_What the task requires_
Keep the pictures out of the copy and repeat the records exactly.

= = = =

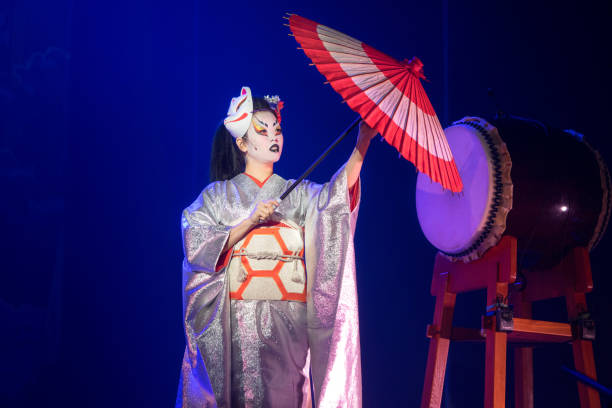 istock Traditional Japanese performance. Actress in white with umbrella dancing. 1190882861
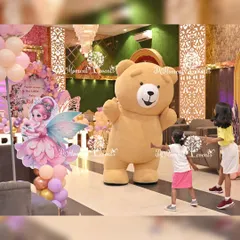 Kids love meeting their favorite characters. Here, a giant teddy bear mascot gives hugs and takes photos with the young guests at a fairy-themed party.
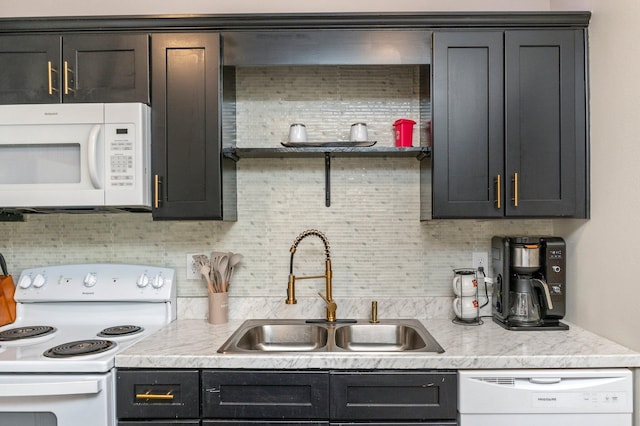 1207 Walter Ave, Crestview, FL 32536 - kitchen featuring white appliances, decorative backsplash, and light countertops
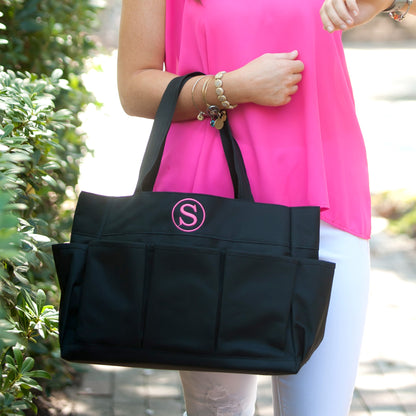 Woman holding a black carryall tote with a pink initial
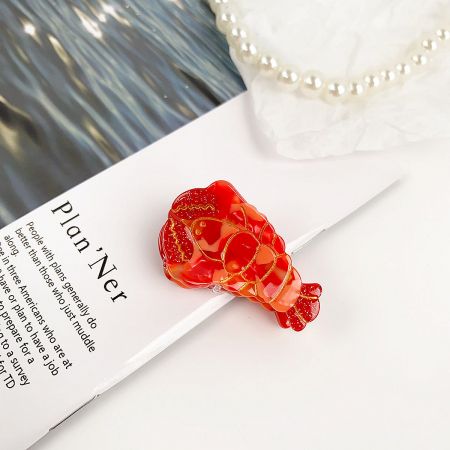 Vibrant red lobster-shaped hair clip with a glossy finish.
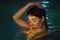 Night portrait of brunette woman swimming in pool with hot mineral water in balneotherapy spa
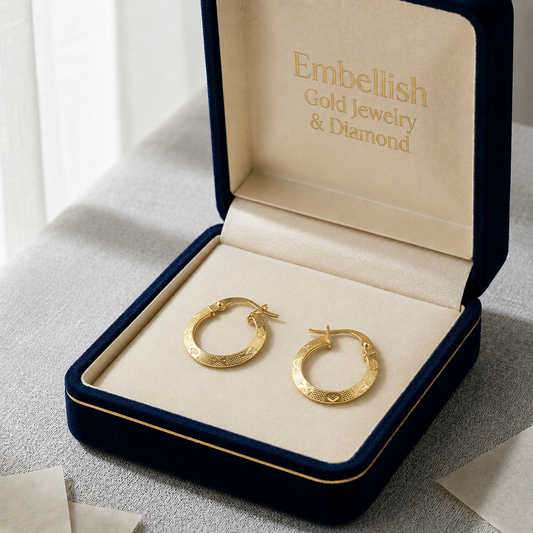 Gold hoop earrings in a 'Embellish Gold Jewelry & Diamond' box on a light surface.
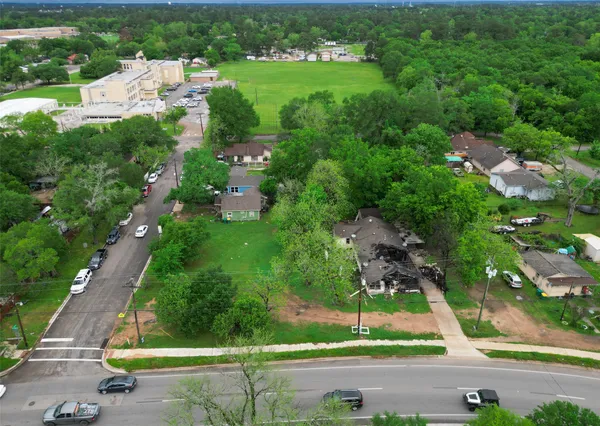 an aerial view of residential houses with outdoor space and street view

= = = =

_Expected answer_
 istock Traditional Japanese performance. Actress in white with umbrella dancing. 1190882861
 Kids love meeting their favorite characters. Here, a giant teddy bear mascot gives hugs and takes photos with the young guests at a fairy-themed party.
 1207 Walter Ave, Crestview, FL 32536 - kitchen featuring white appliances, decorative backsplash, and light countertops
 Woman holding a black carryall tote with a pink initial
 Vibrant red lobster-shaped hair clip with a glossy finish.
 Night portrait of brunette woman swimming in pool with hot mineral water in balneotherapy spa
 Gold hoop earrings in a 'Embellish Gold Jewelry & Diamond' box on a light surface.
 an aerial view of residential houses with outdoor space and street view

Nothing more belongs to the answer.